Not always. During the last two weeks I’ve heard two business speakers stress that intense focus may be a better approach. One keynoter used Southwest Airlines as an example, noting that contrary to conventional wisdom in the airline industry, the carrier flies only one type of jet, the Boeing 737 series. So what’s the big deal about one jet? For starters, it saves Southwest a whopping amount in maintenance— the airline doesn’t need to carry an assortment of parts in inventory, and any of their mechanics can fix the plane. And any of their pilots can fly it. Plus, when they have to take a plane out of service, they just replace it with another 737 since 737s fly on all their routes. Southwest’s focus on a “one plane fits all” approach has been critical to the company’s success while other airlines have floundered.
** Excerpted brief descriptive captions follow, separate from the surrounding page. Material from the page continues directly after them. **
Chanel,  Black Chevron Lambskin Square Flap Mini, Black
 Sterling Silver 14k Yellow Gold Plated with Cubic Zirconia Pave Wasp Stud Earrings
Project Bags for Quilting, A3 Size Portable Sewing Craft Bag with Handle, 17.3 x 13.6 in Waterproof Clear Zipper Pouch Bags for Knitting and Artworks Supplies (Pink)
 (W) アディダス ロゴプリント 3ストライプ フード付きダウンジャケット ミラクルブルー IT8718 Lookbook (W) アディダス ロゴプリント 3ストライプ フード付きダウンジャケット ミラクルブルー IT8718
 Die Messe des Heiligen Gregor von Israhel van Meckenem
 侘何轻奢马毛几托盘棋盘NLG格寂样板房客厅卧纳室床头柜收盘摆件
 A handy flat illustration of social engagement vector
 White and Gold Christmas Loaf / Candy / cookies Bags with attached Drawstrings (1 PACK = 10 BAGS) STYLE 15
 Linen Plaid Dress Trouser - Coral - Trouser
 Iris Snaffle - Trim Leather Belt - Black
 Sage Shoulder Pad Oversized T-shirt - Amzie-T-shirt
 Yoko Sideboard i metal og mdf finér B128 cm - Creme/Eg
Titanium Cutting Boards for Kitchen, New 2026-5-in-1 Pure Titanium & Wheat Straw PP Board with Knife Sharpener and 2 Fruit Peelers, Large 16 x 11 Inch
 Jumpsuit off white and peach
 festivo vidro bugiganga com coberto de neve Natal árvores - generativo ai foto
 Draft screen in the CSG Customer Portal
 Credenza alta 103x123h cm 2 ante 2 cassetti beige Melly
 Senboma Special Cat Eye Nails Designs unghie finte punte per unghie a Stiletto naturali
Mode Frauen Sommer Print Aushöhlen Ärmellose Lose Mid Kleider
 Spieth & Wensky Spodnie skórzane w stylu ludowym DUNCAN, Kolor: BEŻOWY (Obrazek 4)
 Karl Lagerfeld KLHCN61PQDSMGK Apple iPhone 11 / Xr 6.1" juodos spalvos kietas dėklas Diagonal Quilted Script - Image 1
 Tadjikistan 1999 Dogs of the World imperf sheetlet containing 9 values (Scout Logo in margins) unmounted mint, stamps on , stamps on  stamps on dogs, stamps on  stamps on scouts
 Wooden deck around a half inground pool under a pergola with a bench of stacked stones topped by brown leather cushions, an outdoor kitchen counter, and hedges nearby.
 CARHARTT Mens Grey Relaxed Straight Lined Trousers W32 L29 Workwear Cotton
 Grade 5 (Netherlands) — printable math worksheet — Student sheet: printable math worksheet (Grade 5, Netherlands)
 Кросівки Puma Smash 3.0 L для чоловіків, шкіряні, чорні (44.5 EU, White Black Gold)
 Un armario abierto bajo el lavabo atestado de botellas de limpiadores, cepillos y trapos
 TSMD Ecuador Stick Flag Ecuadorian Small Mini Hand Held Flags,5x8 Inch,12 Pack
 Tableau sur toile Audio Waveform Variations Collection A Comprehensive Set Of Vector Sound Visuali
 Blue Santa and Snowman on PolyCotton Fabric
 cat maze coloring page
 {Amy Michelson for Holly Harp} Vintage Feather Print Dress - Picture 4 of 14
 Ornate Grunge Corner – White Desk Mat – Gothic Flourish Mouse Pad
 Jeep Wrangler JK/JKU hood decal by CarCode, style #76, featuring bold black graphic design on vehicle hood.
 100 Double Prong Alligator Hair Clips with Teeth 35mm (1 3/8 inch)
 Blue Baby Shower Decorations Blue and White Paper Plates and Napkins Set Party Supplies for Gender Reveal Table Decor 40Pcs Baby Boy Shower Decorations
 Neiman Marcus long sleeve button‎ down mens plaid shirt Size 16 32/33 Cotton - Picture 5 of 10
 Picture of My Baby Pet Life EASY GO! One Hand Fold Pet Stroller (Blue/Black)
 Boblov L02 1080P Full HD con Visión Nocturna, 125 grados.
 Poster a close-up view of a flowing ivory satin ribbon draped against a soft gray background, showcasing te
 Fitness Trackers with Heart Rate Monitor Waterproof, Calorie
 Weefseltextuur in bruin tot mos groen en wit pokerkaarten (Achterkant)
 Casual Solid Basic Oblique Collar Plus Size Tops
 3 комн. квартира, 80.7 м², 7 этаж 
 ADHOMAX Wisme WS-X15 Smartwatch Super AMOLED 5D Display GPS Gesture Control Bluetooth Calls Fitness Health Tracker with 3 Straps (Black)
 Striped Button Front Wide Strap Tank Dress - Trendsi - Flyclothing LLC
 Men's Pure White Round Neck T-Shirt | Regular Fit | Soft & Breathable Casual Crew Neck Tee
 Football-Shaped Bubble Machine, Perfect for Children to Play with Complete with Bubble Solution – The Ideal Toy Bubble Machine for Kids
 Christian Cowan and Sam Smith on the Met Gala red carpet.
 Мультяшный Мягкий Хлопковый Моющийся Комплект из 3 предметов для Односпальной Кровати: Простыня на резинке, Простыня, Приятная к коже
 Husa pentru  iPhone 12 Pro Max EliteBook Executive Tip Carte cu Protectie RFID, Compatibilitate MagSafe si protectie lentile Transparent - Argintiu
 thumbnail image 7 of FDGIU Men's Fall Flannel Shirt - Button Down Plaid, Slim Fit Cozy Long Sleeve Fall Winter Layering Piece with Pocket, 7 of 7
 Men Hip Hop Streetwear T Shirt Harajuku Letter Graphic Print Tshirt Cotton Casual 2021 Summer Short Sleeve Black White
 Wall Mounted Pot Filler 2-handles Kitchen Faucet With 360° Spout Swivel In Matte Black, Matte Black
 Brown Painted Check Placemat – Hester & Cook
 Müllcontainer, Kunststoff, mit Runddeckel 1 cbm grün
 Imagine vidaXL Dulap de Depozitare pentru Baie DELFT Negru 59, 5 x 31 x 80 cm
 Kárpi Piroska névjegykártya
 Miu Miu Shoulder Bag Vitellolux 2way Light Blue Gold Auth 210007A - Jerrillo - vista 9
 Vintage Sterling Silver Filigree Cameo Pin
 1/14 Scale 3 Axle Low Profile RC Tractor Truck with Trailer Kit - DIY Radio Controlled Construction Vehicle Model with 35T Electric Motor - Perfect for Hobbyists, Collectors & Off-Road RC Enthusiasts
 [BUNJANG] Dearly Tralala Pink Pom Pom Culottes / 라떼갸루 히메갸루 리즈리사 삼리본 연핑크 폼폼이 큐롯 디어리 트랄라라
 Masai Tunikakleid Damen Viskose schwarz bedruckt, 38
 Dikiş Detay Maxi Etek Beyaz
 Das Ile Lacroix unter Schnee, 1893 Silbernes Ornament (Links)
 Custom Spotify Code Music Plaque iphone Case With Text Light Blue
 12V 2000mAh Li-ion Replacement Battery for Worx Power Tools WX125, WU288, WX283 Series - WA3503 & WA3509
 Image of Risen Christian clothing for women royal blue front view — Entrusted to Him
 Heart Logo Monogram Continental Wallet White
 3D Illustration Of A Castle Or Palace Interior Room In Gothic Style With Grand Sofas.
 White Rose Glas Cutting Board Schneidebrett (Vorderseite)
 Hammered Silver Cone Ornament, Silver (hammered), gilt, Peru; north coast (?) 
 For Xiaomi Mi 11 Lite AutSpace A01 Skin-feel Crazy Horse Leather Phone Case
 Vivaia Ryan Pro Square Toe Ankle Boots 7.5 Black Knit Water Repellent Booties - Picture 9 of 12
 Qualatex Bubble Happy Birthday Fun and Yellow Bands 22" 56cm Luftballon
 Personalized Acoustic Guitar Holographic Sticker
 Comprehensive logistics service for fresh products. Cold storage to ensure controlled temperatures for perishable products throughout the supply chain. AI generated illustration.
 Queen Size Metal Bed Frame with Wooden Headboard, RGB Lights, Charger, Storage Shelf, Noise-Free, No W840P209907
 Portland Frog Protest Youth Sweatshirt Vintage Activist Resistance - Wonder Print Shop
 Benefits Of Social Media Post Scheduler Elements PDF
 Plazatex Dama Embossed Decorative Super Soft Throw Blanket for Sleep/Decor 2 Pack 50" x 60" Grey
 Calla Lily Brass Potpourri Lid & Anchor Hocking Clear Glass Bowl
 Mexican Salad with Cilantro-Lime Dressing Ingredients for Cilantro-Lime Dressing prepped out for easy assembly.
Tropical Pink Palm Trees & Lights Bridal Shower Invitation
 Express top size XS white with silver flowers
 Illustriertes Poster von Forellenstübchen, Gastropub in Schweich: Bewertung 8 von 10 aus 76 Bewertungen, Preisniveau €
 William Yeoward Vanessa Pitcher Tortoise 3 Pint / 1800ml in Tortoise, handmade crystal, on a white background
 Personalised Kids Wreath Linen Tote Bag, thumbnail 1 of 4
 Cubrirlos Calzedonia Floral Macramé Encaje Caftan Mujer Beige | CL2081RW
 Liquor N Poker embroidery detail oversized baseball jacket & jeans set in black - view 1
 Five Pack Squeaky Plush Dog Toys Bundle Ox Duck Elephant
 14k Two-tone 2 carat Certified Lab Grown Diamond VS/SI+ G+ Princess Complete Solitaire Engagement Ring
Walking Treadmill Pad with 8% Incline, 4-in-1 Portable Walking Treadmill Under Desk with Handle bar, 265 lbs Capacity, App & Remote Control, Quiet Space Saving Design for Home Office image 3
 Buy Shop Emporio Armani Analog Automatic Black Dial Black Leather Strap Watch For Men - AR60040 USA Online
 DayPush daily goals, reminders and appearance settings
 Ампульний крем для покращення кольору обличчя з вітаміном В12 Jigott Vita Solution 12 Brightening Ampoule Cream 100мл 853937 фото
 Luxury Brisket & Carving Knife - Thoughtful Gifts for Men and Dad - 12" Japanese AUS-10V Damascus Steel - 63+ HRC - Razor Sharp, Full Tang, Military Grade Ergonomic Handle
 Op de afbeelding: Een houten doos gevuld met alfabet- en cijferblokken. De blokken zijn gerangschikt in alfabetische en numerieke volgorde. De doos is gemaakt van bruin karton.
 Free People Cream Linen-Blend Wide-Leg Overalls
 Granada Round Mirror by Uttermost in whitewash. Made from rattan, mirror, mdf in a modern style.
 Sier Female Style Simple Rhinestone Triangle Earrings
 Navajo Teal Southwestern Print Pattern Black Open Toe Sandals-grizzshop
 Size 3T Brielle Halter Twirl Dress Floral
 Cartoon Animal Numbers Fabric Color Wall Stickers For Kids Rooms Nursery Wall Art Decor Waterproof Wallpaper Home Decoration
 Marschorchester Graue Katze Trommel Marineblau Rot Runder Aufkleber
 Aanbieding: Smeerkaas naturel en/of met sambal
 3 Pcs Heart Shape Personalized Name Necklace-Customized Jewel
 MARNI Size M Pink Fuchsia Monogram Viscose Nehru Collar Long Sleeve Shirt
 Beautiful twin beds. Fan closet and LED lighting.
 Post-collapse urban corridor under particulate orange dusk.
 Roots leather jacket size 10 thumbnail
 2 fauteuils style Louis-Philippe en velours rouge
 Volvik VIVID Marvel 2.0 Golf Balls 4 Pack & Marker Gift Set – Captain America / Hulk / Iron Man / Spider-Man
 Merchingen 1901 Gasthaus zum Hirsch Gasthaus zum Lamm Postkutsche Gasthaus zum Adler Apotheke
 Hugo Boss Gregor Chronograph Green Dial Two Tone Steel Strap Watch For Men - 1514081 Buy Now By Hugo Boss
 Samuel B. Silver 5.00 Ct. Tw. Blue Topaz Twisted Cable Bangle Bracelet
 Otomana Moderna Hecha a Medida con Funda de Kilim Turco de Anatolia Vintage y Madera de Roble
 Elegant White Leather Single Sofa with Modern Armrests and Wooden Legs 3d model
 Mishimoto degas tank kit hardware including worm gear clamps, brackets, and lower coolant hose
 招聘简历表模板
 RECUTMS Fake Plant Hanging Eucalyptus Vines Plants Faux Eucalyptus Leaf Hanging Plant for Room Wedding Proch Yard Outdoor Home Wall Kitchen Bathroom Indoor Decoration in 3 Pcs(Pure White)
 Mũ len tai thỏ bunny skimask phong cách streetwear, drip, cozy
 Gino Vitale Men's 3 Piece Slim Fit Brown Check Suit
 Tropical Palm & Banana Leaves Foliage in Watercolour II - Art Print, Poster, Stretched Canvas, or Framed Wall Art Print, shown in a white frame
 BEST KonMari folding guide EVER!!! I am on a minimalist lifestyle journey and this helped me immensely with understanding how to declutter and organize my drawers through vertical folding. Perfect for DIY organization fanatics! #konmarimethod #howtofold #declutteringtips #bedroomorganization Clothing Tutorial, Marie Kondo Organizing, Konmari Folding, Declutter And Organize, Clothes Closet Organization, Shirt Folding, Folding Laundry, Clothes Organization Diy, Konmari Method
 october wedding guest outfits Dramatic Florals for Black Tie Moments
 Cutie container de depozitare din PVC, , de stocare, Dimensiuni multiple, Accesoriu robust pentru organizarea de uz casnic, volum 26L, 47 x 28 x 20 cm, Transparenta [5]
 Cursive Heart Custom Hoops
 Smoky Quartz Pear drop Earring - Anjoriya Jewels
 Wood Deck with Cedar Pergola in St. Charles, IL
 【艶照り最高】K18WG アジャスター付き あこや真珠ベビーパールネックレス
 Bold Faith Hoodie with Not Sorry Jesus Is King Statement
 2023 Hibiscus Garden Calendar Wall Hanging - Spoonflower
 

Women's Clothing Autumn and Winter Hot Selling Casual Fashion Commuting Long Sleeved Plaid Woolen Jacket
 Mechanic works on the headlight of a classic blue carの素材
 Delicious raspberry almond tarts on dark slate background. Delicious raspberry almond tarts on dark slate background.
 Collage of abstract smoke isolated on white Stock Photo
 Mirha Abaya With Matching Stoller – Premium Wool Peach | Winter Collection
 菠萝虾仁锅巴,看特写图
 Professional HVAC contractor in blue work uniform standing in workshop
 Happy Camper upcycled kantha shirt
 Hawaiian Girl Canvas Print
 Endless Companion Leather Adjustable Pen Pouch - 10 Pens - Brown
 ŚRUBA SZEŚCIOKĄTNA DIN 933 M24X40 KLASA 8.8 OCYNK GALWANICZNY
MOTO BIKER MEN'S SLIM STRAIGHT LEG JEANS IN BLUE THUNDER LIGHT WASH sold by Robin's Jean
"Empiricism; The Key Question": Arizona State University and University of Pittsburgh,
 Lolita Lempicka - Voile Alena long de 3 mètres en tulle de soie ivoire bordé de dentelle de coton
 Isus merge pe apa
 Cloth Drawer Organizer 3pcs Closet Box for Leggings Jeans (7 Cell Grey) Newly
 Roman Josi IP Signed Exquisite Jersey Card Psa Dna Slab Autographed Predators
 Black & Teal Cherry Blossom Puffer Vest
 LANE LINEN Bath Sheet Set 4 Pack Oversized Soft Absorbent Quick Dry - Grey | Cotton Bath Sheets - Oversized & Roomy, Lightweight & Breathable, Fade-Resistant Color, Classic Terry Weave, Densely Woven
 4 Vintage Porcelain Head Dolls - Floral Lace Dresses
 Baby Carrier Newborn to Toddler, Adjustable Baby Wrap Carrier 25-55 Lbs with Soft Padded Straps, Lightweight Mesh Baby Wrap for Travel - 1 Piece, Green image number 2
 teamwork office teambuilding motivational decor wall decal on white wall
Next up was Toilet Paper Entrepreneur author Mike Michalowicz. He came to Kansas City last month carrying a similar message for the attendees of our Thinking Bigger Speaker Series. His latest book, The Pumpkin Plan, correlates the methods of farmers who grow colossal pumpkins to business owners who grow successful businesses. Colossal pumpkin farmers focus all their attention on growing the colossal pumpkin, killing off the other pumpkins so the one pumpkin can receive all the water, all the nutrients, etc. He encourages business owners to cut away the distractions, including firing some customers, to focus all their energies and resources on whatever has the potential to be the colossal pumpkin for their business. (You can listen to my interview with Mike here.) One surprising example he used was Proctor & Gamble. He said that decades ago when they started, they had just two products: soap and candles. They thought two products diluted their focus and scrapped the candles, opting instead to focus on Ivory soap – and they originally sold it only to the military. One product, one customer. Once they mastered that, they built from those successful roots into the colossal giant they are today.
So, as we wind up this year and think about ways to ensure 2013 is successful, don’t overlook that sometimes the best way to Think Big (or grow colossal pumpkins) is to simplify.